Advanced Features Demonstrated
Chaining Operations
# Chain multiple transformations
result = (
df.select(fc.col( "content" ).cast(fc.MarkdownType).alias( "md" ))
.select(fc.markdown.extract_header_chunks(fc.col( "md" ), header_level = 2 ).alias( "sections" ))
.explode( "sections" )
.unnest( "sections" )
.filter(fc.col( "heading" ).contains( "Introduction" ))
.select(fc.col( "content" ))
)
Type Conversions
# Cast between types as needed
df.select(
fc.col( "markdown" ).cast(fc.MarkdownType), # String -> MarkdownType
fc.markdown.to_json(fc.col( "markdown" )), # MarkdownType -> JsonType
fc.col( "json" ).cast(fc.StringType) # JsonType -> StringType
)
Expected Output
The pipeline demonstrates:
✓ Loading markdown documents into Fenic DataFrames
✓ Generating table of contents with markdown.generate_toc()

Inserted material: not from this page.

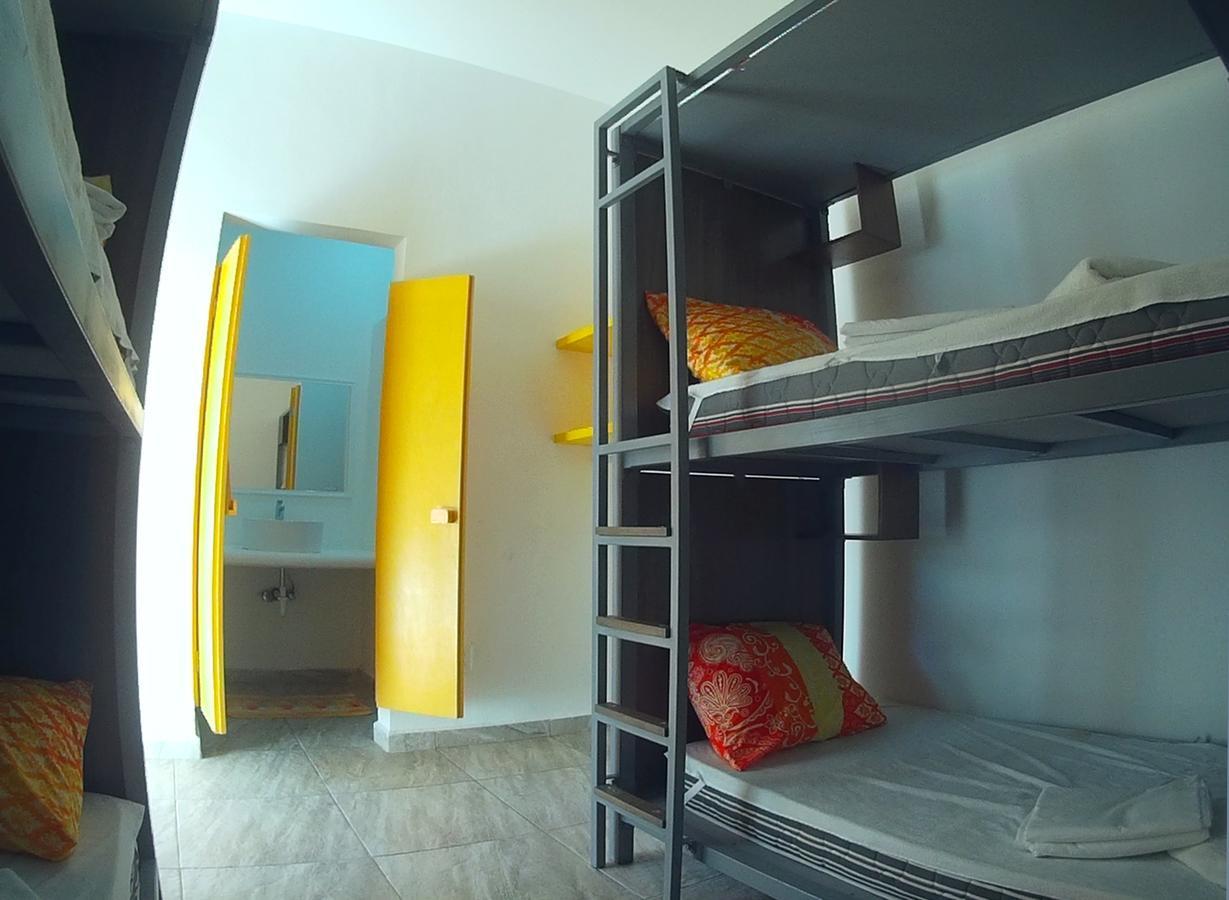 Hostel Humanity Puerto Morelos Εξωτερικό φωτογραφία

✓ Extracting structured sections with markdown.extract_header_chunks()
✓ Converting arrays to rows with explode() and unnest()
✓ Filtering DataFrames to find specific sections
✓ Text processing with split() and regex patterns
✓ Converting markdown to JSON with markdown.to_json()
✓ Querying JSON structures with json.jq()
✓ Template-based text extraction with text.extract()
✓ Structured citation parsing into separate fields
Combine markdown processing with semantic operations to build powerful document analysis pipelines that understand both structure and content.